[net.lang.c] C structure alignment

tjr@ihnet.UUCP (Tom Roberts) (04/11/84)

Structure alignment in C varies, depending upon which machine you are on!

Many CPU's cannot reference an int at an odd-byte address, so their
C-compiler ALWAYS locates a structure on an even-byte address. On some
machines (with 4-byte int's), the restriction is to 4-byte addresses.
This applies to structures within structures, even when the structures
only contain char-arrays.

Note that the compilers are permitted to do this, because the only LEGAL
things you can do to a structure are to take its address, reference a
single member, or assign the entire structure to another structure of
the same type (newer C-compilers only). Internal padding can never be
significant for these operations (see the recent discussion of == for
structures).

It is NOT PORTABLE to assume the ordering of members within a structure,
nor to assume they are contiguous in memory.
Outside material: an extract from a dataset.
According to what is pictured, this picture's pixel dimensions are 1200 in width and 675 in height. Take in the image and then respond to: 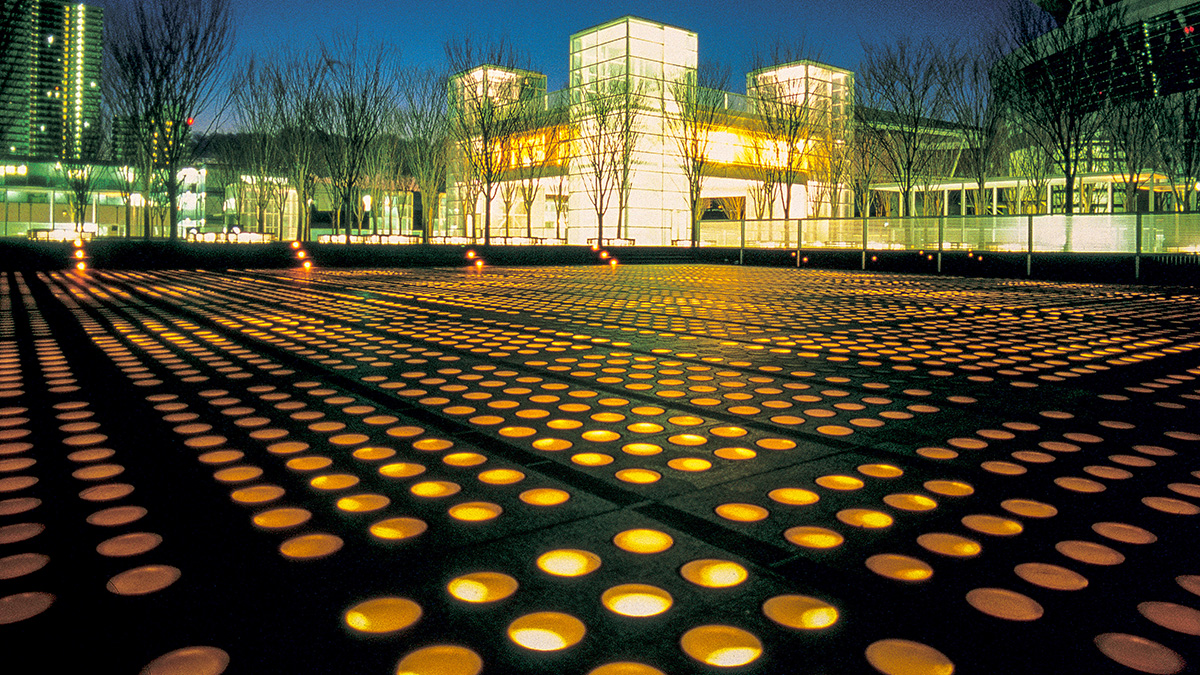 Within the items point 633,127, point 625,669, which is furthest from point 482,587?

Some machines that are
not byte-addressable may have some big surprises here (the PDP-10
comes to mind). For all byte-addressable machines with which I am familiar,
if you make EVERY member of a structure a multiple of 4 bytes long, data
can be passed between machines in the format of the structure, ASSUMING THE
BYTE-ORDERING IS THE SAME, OR HAS BEEN CORRECTED.

	Tom Roberts
	ihnp4!ihnet!tjr

tll@druxu.UUCP (04/12/84)

>From: tjr@ihnet.UUCP (Tom Roberts)
>
>It is NOT PORTABLE to assume the ordering of members within a structure,
>nor to assume they are contiguous in memory.

It's true that members may not be contiguous in memory, but (time for
the bible-thumping quote from The C Reference Manual, p196)

	"Within a structure, the objects declared have addresses which
	increase as their declarations are read left-to-right."

So the ordering is clearly defined.  This feature is useful when you
need to store a large number of structures that have differing amounts
of data in them (for instance, in a circuit simulator, you might want a
structure for each component -- early in the structure, you define what
kind of component this is, and the rest of the structure is optimized
for the particular component).  A union could be used, but then you use
the maximum amount of storage for each structure, which may be more than
you have.

		Tom Laidig
		AT&T Information Systems Laboratories, Denver
		...!ihnp4!druxu!tll

tim@unc.UUCP (Tim Maroney) (04/12/84)

Excuse me, but you CAN assume that members of a struct appear in the listed
order; furthermore, if two structs have a common beginning (that is, their
first n members are identical), you can assume that they will be at the same
offset.  My favorite use of this is writing generic linked list manipulation
functions, in which each cell starts with a pointer to the next, and the
rest of the cell is a value of arbitrary type.  I don't have my K&R handy,
but it's in there.

There was a discussion about this a few months ago.  For a lot of
applications, you don't care about the ordering of struct members, and you'd
like the compiler to rearrange them for maximum storage efficiency within
its alignment requirements.  Unfortunately, you can't do that in C.  (It
would be easy enough to add -- just put a new keyword before the open brace
to signal that you don't care about the order -- but then again, what
wouldn't?)
--
Tim Maroney, The Censored Hacker
mcnc!unc!tim (USENET), tim.unc@csnet-relay (ARPA)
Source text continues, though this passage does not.